その子とは川崎の外れにある
小さな店で出会った。
僕はその子に一目惚れ。
なんせ、あの子の事が気になって
何十分も店から出られなかったのだから。
興奮で熱を持った頭を冷やしに
東扇島の人工海浜へ行った。
広くて何もない…けどアンテナを広げれば色々受信する。
鉛色の空、海の向こうに見える鉄の建物、
プラスチックが溶けたような匂いと汐の匂い。。
空は暗くなって煙突から吹き出す炎が
くっきりと紫色になって空の上で踊ってる。
それにしても、
その空の上で踊る紫色の炎が
どんなに魅力的だとしても
あの店で出会ったあの子の顔が離れない。
何でも出来る子がいいよ。
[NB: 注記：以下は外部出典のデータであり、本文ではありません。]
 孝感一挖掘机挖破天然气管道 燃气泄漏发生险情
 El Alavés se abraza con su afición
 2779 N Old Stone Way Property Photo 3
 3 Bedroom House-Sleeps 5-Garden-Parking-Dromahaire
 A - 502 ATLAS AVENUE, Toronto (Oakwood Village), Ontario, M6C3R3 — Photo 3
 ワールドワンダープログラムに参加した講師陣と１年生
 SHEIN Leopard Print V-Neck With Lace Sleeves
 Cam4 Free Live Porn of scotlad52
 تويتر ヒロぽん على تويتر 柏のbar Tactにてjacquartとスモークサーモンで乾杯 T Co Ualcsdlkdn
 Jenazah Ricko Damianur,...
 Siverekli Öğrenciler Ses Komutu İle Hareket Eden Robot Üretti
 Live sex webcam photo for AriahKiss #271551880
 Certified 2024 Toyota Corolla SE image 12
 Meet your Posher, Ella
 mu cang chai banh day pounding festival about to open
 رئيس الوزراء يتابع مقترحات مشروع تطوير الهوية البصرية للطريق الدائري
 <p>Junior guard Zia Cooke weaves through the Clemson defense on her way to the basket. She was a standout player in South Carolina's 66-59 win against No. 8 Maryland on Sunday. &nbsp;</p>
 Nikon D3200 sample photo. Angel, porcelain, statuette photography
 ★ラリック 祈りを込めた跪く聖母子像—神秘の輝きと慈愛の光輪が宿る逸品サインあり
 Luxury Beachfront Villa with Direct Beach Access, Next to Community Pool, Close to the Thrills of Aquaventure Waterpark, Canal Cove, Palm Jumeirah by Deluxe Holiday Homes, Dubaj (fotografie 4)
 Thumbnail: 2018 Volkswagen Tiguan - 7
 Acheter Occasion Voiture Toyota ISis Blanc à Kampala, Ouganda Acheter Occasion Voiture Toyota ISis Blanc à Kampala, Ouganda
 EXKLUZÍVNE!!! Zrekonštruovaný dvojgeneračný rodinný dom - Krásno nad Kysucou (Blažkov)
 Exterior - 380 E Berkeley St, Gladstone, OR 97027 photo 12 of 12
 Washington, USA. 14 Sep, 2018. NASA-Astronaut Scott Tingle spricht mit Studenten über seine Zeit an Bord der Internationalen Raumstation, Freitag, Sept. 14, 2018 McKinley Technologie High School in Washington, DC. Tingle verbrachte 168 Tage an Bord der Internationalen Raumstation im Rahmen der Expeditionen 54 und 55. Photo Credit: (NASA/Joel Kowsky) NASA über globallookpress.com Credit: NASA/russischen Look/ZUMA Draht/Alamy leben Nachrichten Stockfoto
と言われる。
でも僕はその子には出来る事以上は求めない。
だって 彼女はちっこくて肌が白くて可愛いげあるんだぜ。
僕は再び店に戻り、
彼女をコレダの後ろに乗せて多摩沿線道路を走りだした。
街頭を何本も通り越して川崎総合科学の横を抜ける
ちょうど僕が高校生になった時が君の時代だったんだね。
家に帰って彼女をケーブルに繋げる。
そして僕が人差し指で君のスイッチを押すとき、
君の背中のマークが光るとき、
君が長い睡眠から目が覚めて液晶越しに微笑みかけるとき、
僕は心の中で君に初めての声を掛ける。
ハローマック。

※ちなみに一緒に映ってるゲームボーイポケットレッドも
ポケットプリンタもピカチュウ通信ケーブルもハロー。